A comprehensive survey of the UK's architectural profession has shown that the sector is expecting a massive 60% boost in overseas contracts over the next year, with countries such as Abu Dhabi and Saudi Arabia predicted to provide the strongest new business opportunities, overtaking the traditionally fertile Western and Eastern Europe.
According to the annual AJ100 survey, which polled around 135 practices in the United Kingdom, overseas contracts are now collectively worth around £1.4 billion (approx. €1.46 bln.) in fees to UK architects (2008 figure), with total overseas earnings now exceeding domestic fees in the current market.
The findings of the AJ100 survey, which will be revealed in detail on 27 May, predict that the Middle East will account for 20% of all overseas earnings next year, while fee income from Western and Eastern Europe will account for 18% and 14%, respectively, illustrating that Europe remains an important pipeline for contracts.
Other international markets of note where growth potential has been demonstrated include Africa, and especially North Africa in countries such as Libya and Morocco.
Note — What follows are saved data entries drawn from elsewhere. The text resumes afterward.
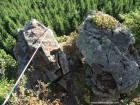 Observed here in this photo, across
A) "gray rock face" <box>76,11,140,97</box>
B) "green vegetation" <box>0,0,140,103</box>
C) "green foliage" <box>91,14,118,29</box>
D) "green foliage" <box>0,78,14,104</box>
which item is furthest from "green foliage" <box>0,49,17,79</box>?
"green foliage" <box>91,14,118,29</box>

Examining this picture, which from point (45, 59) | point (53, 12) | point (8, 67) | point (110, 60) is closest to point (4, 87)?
point (8, 67)

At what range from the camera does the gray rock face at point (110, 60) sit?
609 centimetres

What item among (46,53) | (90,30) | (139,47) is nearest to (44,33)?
(46,53)

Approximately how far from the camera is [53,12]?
36.9 ft

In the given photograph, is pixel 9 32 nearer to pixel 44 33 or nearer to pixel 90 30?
pixel 44 33

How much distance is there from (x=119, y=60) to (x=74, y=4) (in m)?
6.13

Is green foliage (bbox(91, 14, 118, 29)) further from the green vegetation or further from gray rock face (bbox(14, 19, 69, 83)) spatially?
the green vegetation

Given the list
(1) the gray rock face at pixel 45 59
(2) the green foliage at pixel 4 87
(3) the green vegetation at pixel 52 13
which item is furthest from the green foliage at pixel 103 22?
(3) the green vegetation at pixel 52 13

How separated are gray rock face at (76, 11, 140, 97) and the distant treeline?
403 centimetres

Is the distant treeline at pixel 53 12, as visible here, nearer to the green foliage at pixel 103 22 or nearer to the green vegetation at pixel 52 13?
the green vegetation at pixel 52 13

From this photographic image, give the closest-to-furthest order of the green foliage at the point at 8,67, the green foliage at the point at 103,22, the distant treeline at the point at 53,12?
the green foliage at the point at 103,22, the green foliage at the point at 8,67, the distant treeline at the point at 53,12

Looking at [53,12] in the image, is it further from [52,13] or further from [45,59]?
[45,59]

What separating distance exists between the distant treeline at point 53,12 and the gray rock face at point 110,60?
4.03 m

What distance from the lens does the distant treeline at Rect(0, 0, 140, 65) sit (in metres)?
10.5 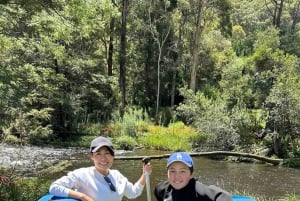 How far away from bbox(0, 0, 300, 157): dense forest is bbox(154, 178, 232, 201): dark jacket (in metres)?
4.44

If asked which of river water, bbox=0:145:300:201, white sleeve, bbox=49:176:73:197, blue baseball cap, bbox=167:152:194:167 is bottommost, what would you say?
river water, bbox=0:145:300:201

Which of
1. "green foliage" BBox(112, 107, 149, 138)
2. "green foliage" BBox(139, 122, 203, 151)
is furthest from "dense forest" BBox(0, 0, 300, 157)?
"green foliage" BBox(112, 107, 149, 138)

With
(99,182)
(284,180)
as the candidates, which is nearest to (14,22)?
(99,182)

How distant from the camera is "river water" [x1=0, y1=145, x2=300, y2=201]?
1116cm

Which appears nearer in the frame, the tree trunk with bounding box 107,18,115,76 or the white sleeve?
the white sleeve

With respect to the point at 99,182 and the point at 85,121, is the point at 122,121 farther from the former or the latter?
the point at 99,182

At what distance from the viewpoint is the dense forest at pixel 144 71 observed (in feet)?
26.5

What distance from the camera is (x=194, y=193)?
3025 mm

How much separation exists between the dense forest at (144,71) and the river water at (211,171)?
0.84 meters

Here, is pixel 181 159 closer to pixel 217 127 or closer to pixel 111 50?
pixel 217 127

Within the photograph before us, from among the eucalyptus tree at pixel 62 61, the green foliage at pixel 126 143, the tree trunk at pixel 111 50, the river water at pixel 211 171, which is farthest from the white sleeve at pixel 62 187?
the tree trunk at pixel 111 50

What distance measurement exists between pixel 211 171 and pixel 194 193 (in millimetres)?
10743

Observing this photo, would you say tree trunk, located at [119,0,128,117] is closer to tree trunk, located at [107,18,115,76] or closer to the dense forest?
the dense forest

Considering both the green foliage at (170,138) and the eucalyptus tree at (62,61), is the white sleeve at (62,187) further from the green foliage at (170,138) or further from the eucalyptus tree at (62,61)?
the green foliage at (170,138) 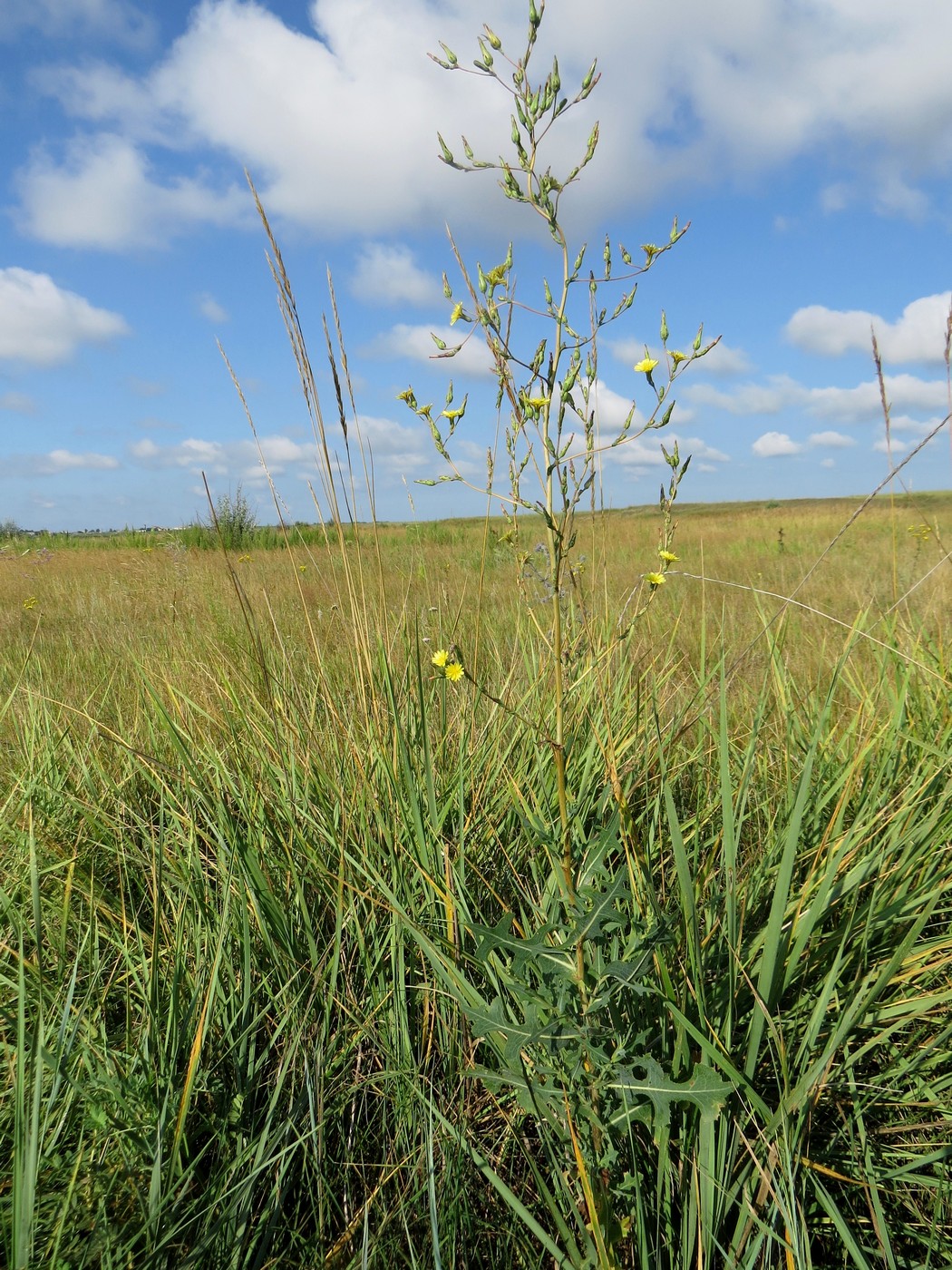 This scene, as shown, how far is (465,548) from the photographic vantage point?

African contracts leapt from a total of 4% in 2008 to 7% in 2009, with further growth anticipated.
Speaking about the growth in overseas contracts, Mouzhan Majidi of AJ100 practice Foster + Partners said: "We are working in 50 countries and 85% of our work is international." According to Majidi around 35% of their fees come from the Middle East, mostly Abu Dhabi.
Other UK practices in the AJ100 have reported similar growth, with BDP increasing their overseas architectural fee income from £17.9 million in 2007 to £28.6 million in 2008; and Atkins seeing an increase from £15 million in 2007 to £36 million in 2008.
"Britain, and particularly London, has become a brain's trust for clients across the world seeking excellence in urban design and architecture," says Kieran Long, Editor-in-Chief of The Architects' Journal.
"The global market is increasingly looking to the biggest architecture practices in Britain for unmatched expertise in areas such as sustainable design,' says Christine Murray, Deputy Editor of The Architects' Journal.
According to the AJ100, strong business growth areas in the domestic market will be seen in public sector work, and especially infrastructure, such as Crossrail and Network Rail projects, prisons, power stations, fire stations, healthcare and education.
The AJ100 is the authoritative annual barometer for the state of the UK's architectural sector, with the majority of UK practices submitting data on their performance in the last 12 months, and thousands of registered architects responding to the industry survey.
The data submitted into the AJ100 rankings provides a clear snapshot of the performance of the sector, with awards presented based upon findings from the data and nominations made by senior architects and industry observers.
Highest First-Time Entrant
Practice of the Year
International Practice of the Year
Fastest Growing Practice
Clients' Practice of the Year
Employer of the Year
Contribution to the Profession
Most Sustainable Practice
Building of the Year
The AJ100 Awards will take place on Wednesday May 27, in Canary Wharf, London. The AJ100 is organised by The Architects' Journal, published by Emap.